5. Urine for culture and sensitivity.

Nonoperative treatment

1. Conservative: Small stones less than 5 mm in size pass off with intake of copious amount of fluids and at times forced diuresis.

 

 

URETERIC STONE

Stones come down from pelvis of the kidney and may get impacted at any site of anatomical narrowing of ureter, namely:

1. Pelviureteric junction

2. Crossing of the iliac artery

3. Crossing of the vas deferens or broad ligament.

4. Site of entry into the bladder wall

5. Ureteric orifice

This may lead to hydroureteronephrosis, renal parenchymal atrophy, infection and pyonephrosis.

Clinical features

• Pain in the loin radiating to groin: Pain is severe, colicky, intolerable and lasts for a few hours. When stone descends into lower ureter, pain radiates to the testicles, labia majora and to the upper portion of thigh due to irritation of genitofemoral nerve. Colic lasts for about 4-6 hours and is relieved by antispasmodics, narcotics and NSAID.

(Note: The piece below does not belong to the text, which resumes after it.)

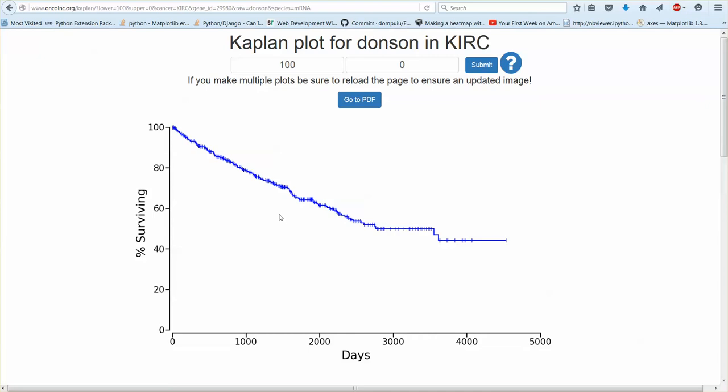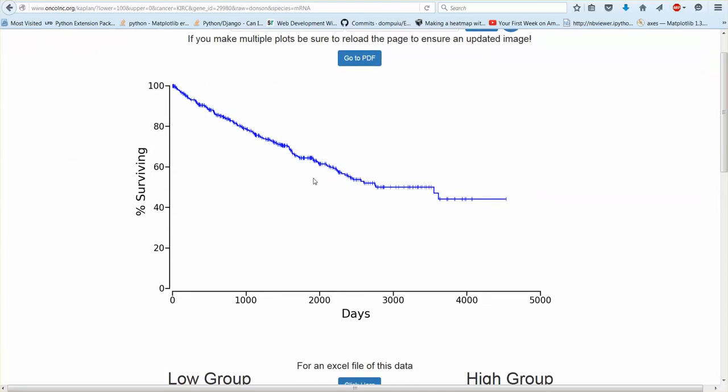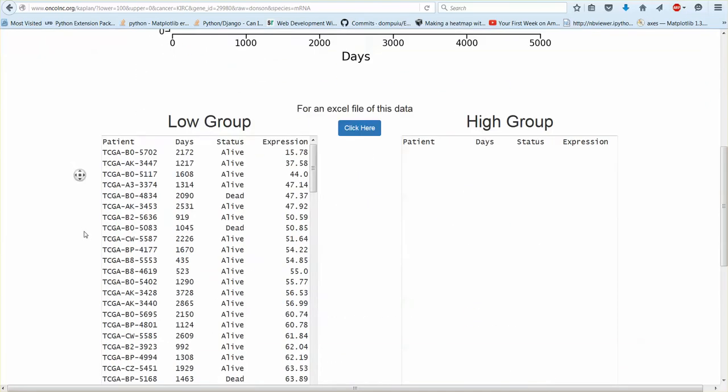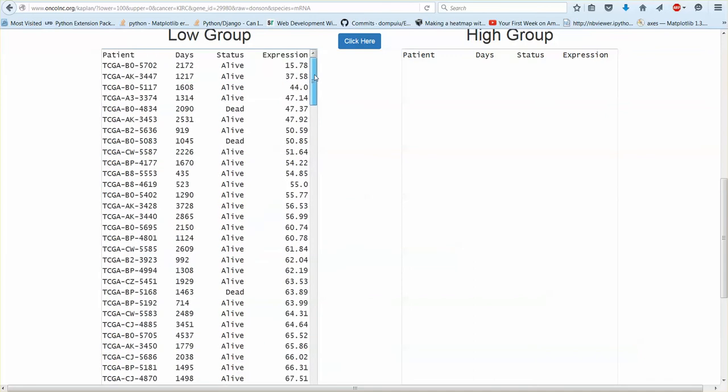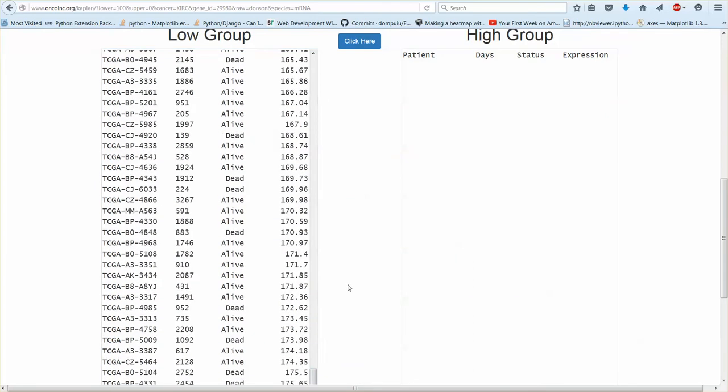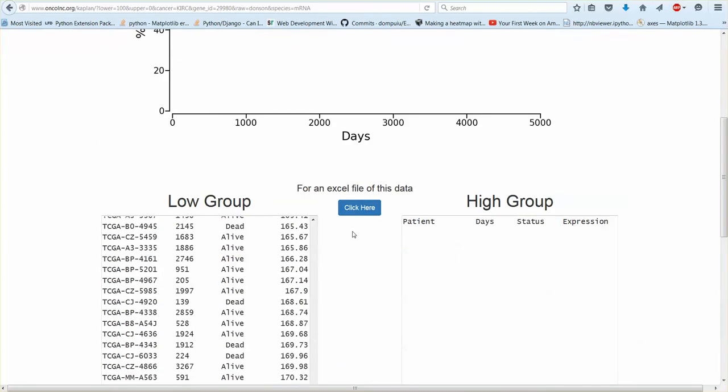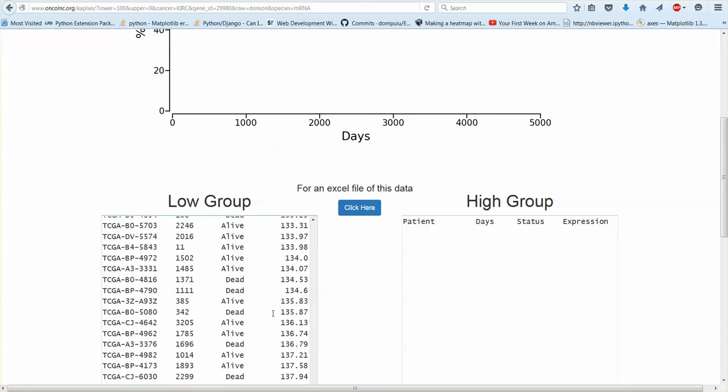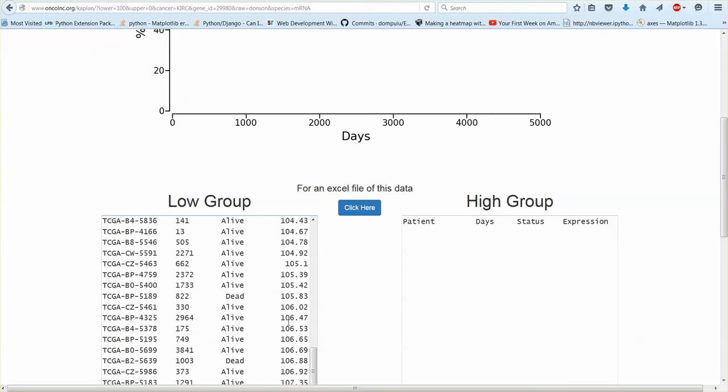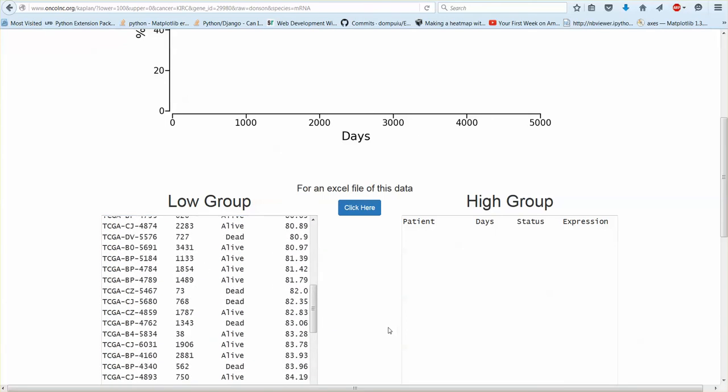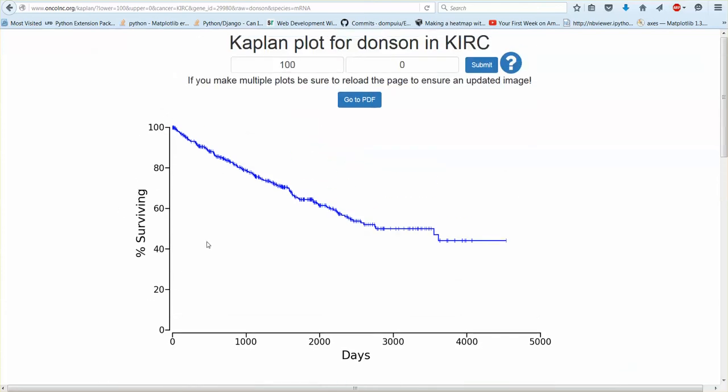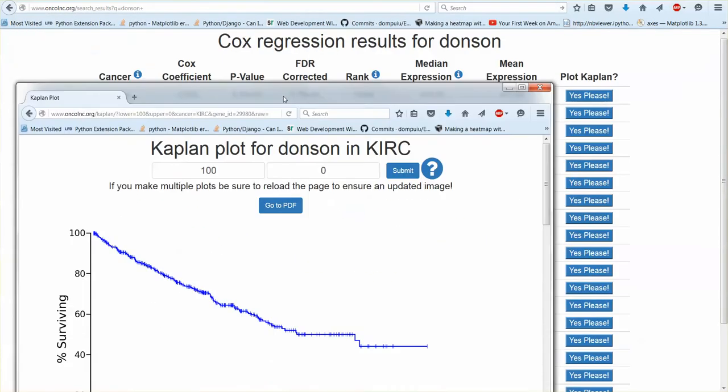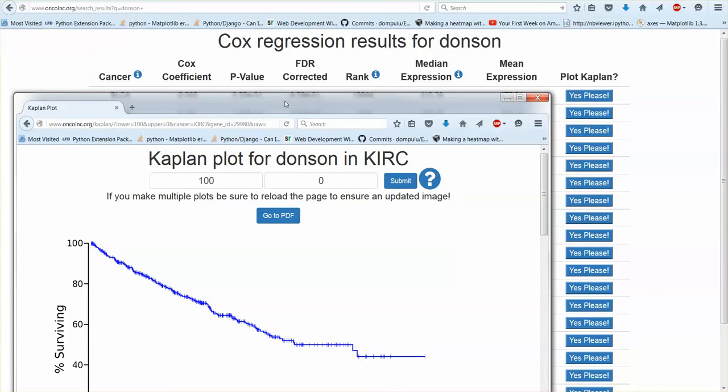So obviously if you only have one group you're not going to get a log rank p-value. There's only one group so there's nothing to compare. This is just all the data and then all the data will be in the low group and then you could download the entire data set and then you could use a different software to create your plot if you're unhappy with how these plots are. Okay, I'll go into some more detail now.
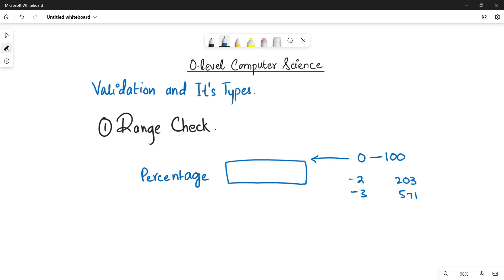So when the user is going to enter any value that is not within the range, then it will receive an error message that your value is beyond the range. So this is how you are going to apply range checks in your data fields.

• An attack of haematuria or pyuria

• Guarding and rigidity of the abdominal wall if present on the right side, is confused with acute appendicitis.

Investigations

Same as renal stone

Treatment

Most of the ureteric stones pass via naturalis (urine). The patient is asked to consume a lot of water and antispasmodics.

Prevention of stone disease

I. Metabolic work up of urine and blood for identifying metabolic causes. Example: Hyperparathyroidism to be ruled out by 24 hours urine analysis for calcium, phosphate and uric acid levels.

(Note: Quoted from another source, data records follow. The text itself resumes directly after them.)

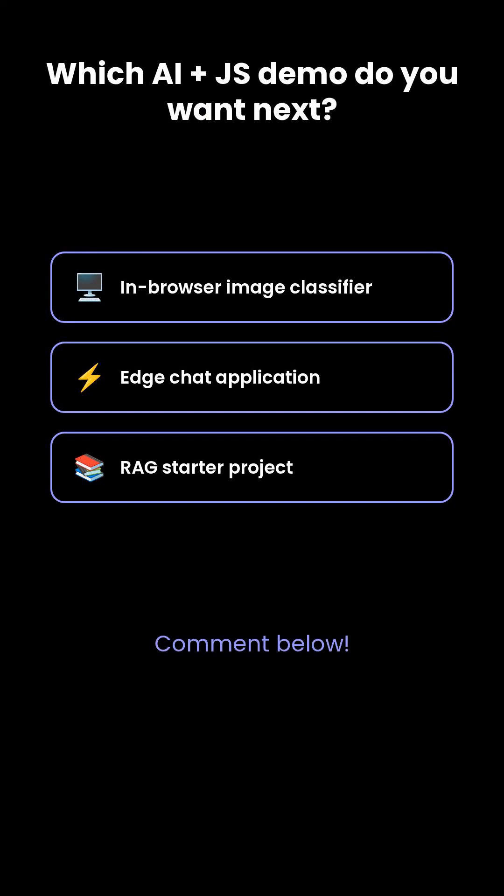In browser image classifier, edge chat application, or a RAG starter project? Please comment below.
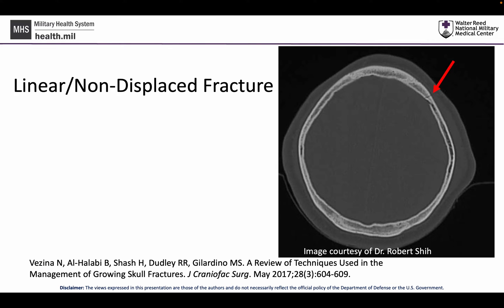Let's first look at linear or non-displaced fractures. These are not uncommon fractures that we typically see after head trauma. The vast majority do not need operative treatment, but just a period of observation to ensure there is no late or delayed developing underlying intracranial injury. A non-displaced convexity skull fracture typically does not require surgical intervention.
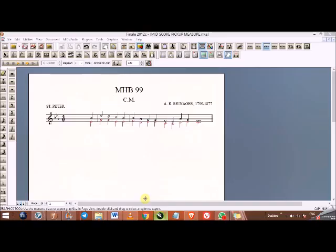Welcome to the channel once again. If you haven't subscribed, subscribe to receive notifications of videos that come to the channel. Today we are going to look at how to export Finale file to Microsoft Word.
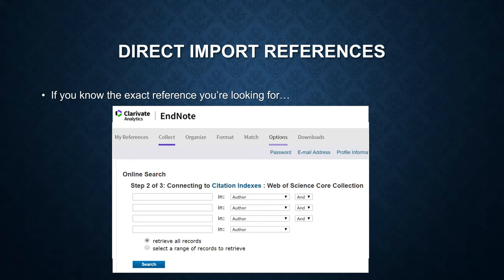Here you can search by author, title, keyword, etc. The purpose of using this online search mode is to pull the record directly from the database. Remember that you can only use this feature when you know the exact reference you are looking for.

2. Fluid management: 1.5 L/day

3. Dietary adjustments: Red meat to be avoided (rich in uric acid)

4. Drug treatment

• Xyloric, sodium bicarbonate: Uric acid stones

• Potassium citrate: Calcium stones

• Thiazides small dose: Calcium stones

• D-penicillamine: Cystine stones

• Protease inhibitors: Infection stones against E. coli

5. Ultrasound to be done once in 6 months.